Some relevant clinical studies confirmed the differences between orthodontic gingivitis and periodontitis. Polson et al. [23] found that orthodontic treatment during adolescence had no distinct effect upon later periodontal health. Gingival inflammation and gingival bleeding will increase in teenagers as a result of the hormone changes that occur during puberty [24]. A systematic review identified an absence of reliable evidence describing positive effects of orthodontic treatment on periodontal health, but many findings indicated that orthodontic therapy resulted in small detrimental effects to the periodontium [24]. A controlled clinical study of persons who had completed orthodontic therapy at least 10 years previously compared to a group of adults with untreated malocclusion demonstrated that orthodontic treatment during adolescence had no distinct effect upon later periodontal health [23]. In this study, we analyzed correlation of patients' age and occurrence of F. nucleatum and found the age of both F. nucleatum positive and negative was statistically different which implied the prevalence of F. nucleatum may increase with patients'age, while the incidence of periodontal disease also increases. Therefore, longitudinal studies including large amount of samples are required to find the impact of F. nucleatum colonization on periodontal conditions during and after orthodontic therapy.

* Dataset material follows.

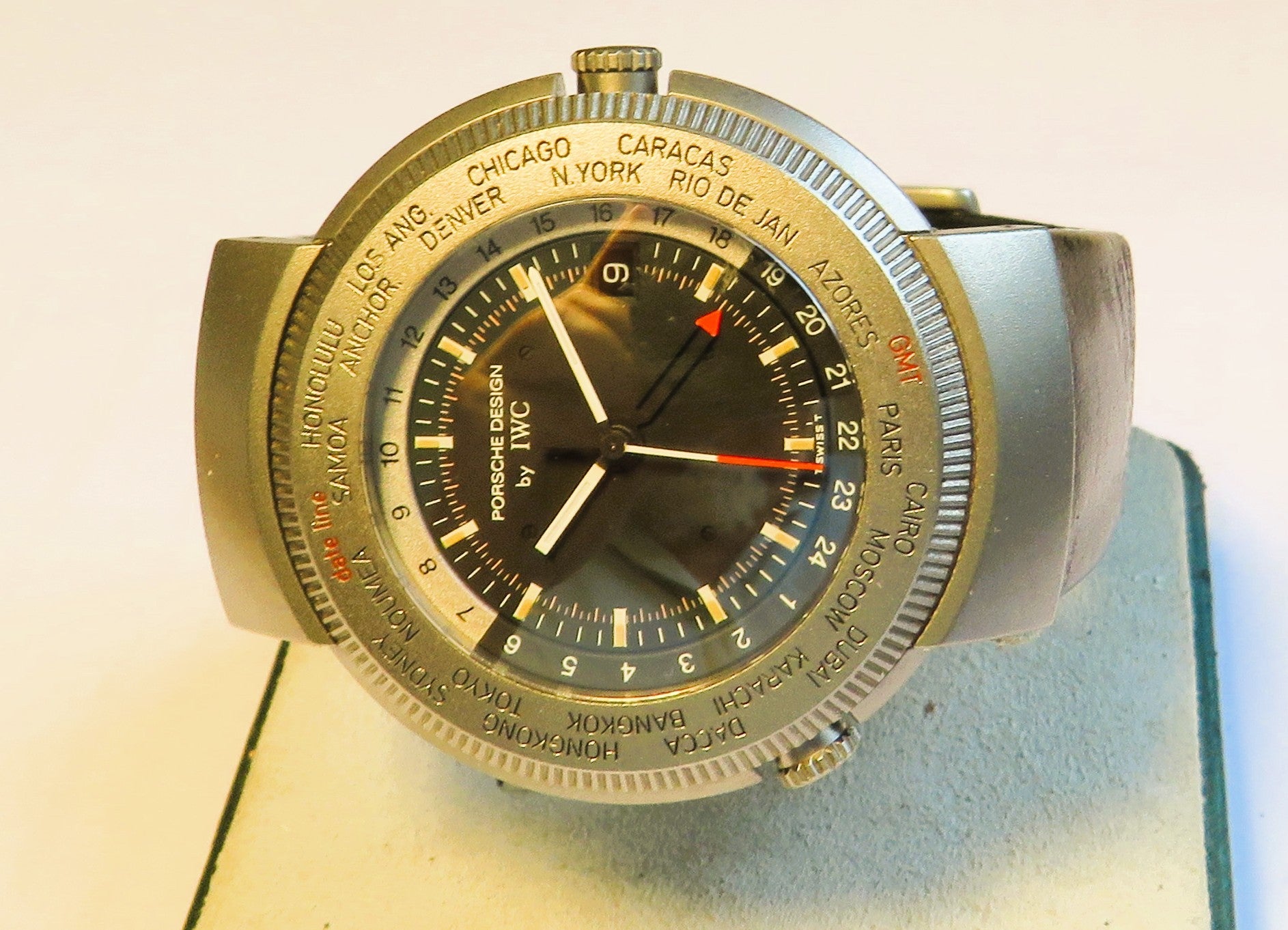 IWC Porsche Design Ref 3821 Titan World Time Quarz Herren AU Fullset Papiere - Sammler - Uhren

Bacterial adhesion is usually the first step for a periodontal pathogen to infect and invade the host cells. In 2005, a novel adhesin, FadA, which is unique to oral Fusobacteria was identified by Han et al [8]. It was required for F. nucleatum to attach epithelial cells and thus may play an important role in Fusobacterium colonization in the host. In this study, we further detected the distribution of fadA in four groups to investigate whether it is involved in

gingival inflammation under orthodontic appliance. The detection rate of fadA decreased in turn from NOG, PG, OG to CG group. Also, it had an upward trend with the increase of gingival index. A clear positive correlation was indicated between GI and FadA gene by using Spearman's rank correlation analysis. However, only the prevalence of fadA in GI 2 from PG and NOG was significantly higher than that in CG, while there were no statistical difference among positive rate of fadA in three GI levels in OG. The F. nucleatum carrying fadA may have a higher pathogenicity and could lead to a classification of these strains, which is more closely related to the development of non-orthodontic periodontal inflammation rather than gum inflammation during orthodontic treatment. On the contrary, the F. nucleatum without

fadA may represent the avirulent or weak virulence genotype of F. nucleatum.

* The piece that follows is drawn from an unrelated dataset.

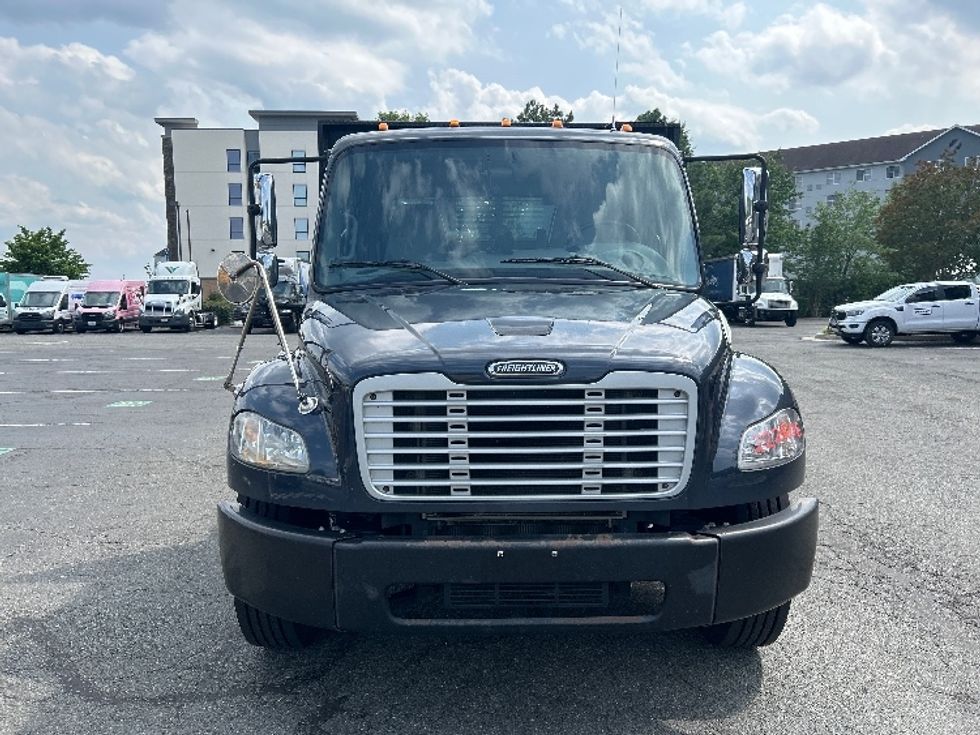 Flatbed Truck-Light and Medium Duty Trucks-Freightliner-2019-M2-Prince George-VA-139,587\n\t\tmiles-$ 55,250 - Image 2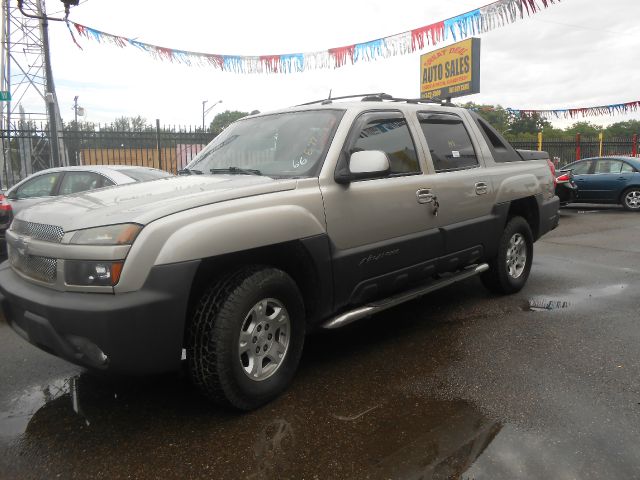 Chevrolet Avalanche 2004 photo 3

In summary, F. nucleatum carrying fadA is one of the potential risks that are responsible for non-orthodontic periodontal inflammation. All orthodontic patients must receive oral hygiene instruction and professional prophylaxis to maintain gingival health. Moreover, further research is needed to verify the periodontal potential health risks and to find the most effective way of controlling periodontal pathogenic anaerobic bacteria during orthodontic treatment.